The United States cooperated with other nations to provide relief in World War II, but as in the previous world war, the leadership and resources came largely from the United States. In 1942 President Roosevelt placed the OFRR under the direction of Herbert H. Lehman, and when it merged into the UNRRA he made sure Lehman headed the new multinational agency. Despite Herbert Hoover's protests that the UNRRA would allow too much Allied influence on American relief, Roosevelt saw to it that the UNRRA would largely be directed by the United States. The UNRRA provided relief assistance to refugees and communities devastated by the effects of war.

By 1946 President Harry Truman was worried that some UNRRA funds were going to communists, so he stopped providing U.S. contributions. The United States continued to provide relief and rehabilitation assistance, particularly in occupied Germany and Japan, with the U.S. Army administering much of it until 1947. Concern for reconstruction as well as relief guided U.S. policy. The United States oversaw the creation of the International Bank for Reconstruction and Development at the end of the war; it offered loans so that governments could purchase needed supplies. The Marshall Plan, or the Economic Recovery Program (ERP), initiated in 1947, represented a commitment by the United States government to foster the long-term rehabilitation of Europe and its dependencies through massive foreign aid, including grants and loans. While initiated out of concern for continued suffering and fear of communist inroads among discontented populations in Europe, the ERP signaled an end to emergency relief efforts and the transition to foreign aid for development.

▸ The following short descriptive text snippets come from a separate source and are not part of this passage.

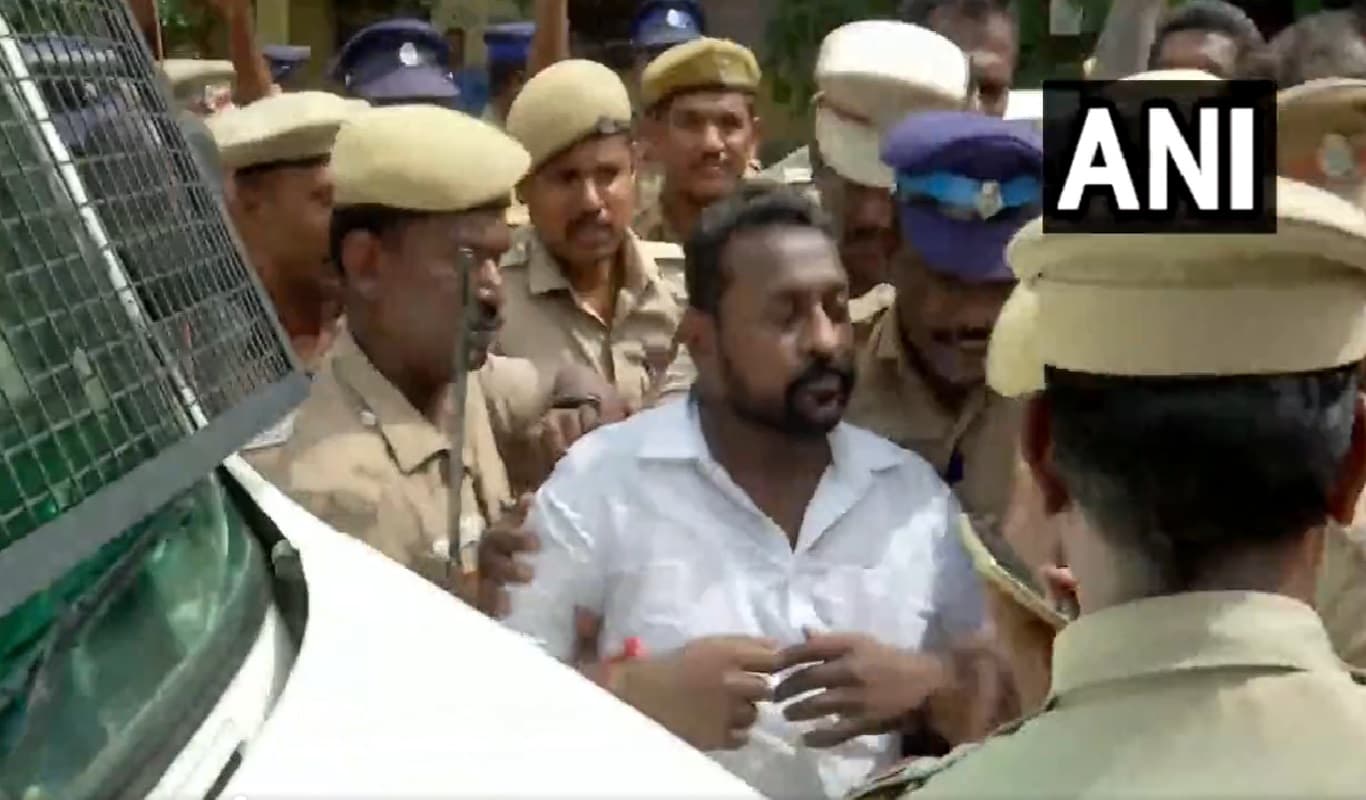 Tamil Nadu: सोशल मीडिया पोस्ट को लेकर बीजेपी नेता एस जी सूर्या गिरफ्तार, भारी सुरक्षा के बीच जज के सामने पेशी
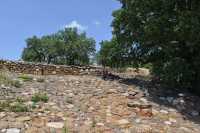 27 Au dessus de la porte du rempart israëlite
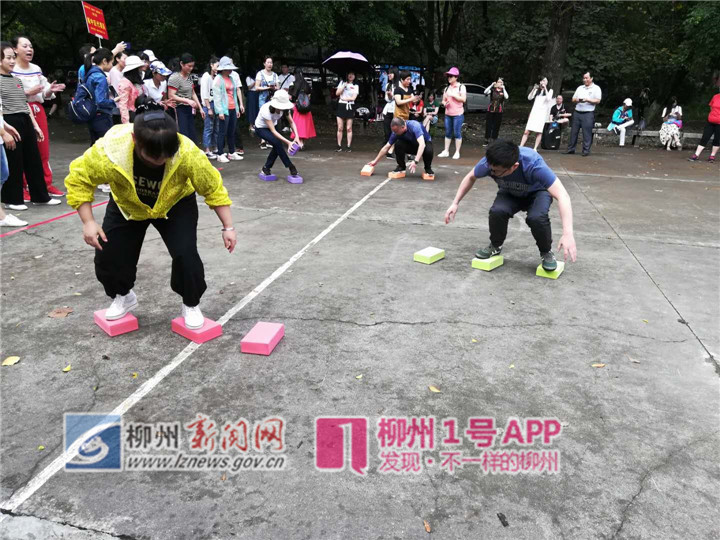 摸2.jpg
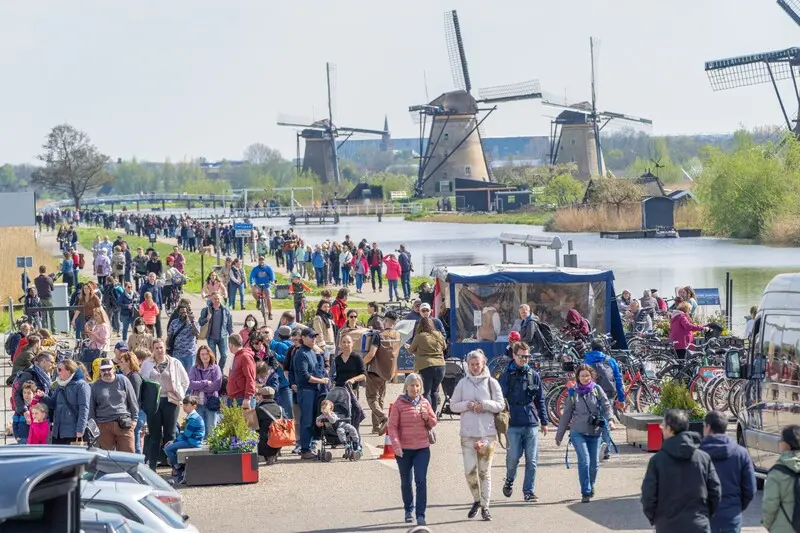 Đến Kinderdijk chi&ecirc;m ngưỡng vẻ đẹp bất tận của cối xay gi&oacute; H&agrave; Lan 3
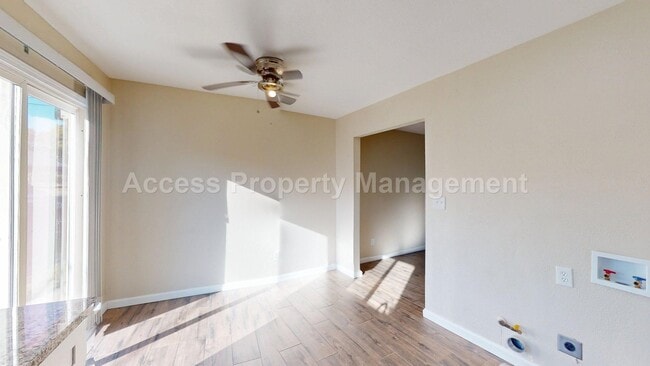 Building Photo - 1601 Carver Rd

The ARC also stepped up its activities with the war's end, playing a particularly valuable role in dealing with refugees and displaced persons, including prisoners of war and internees of concentration camps. Voluntary agencies, some representing church groups, labor organizations, and colleges and universities, offered relief services as wartime control measures were lifted. The government welcomed such groups, which extended the resource base for operations and demonstrated overwhelming generosity and concern by Americans moved by extensive suffering. Some groups focused on non-European regions such as China, but most American attention and resources went to Europe.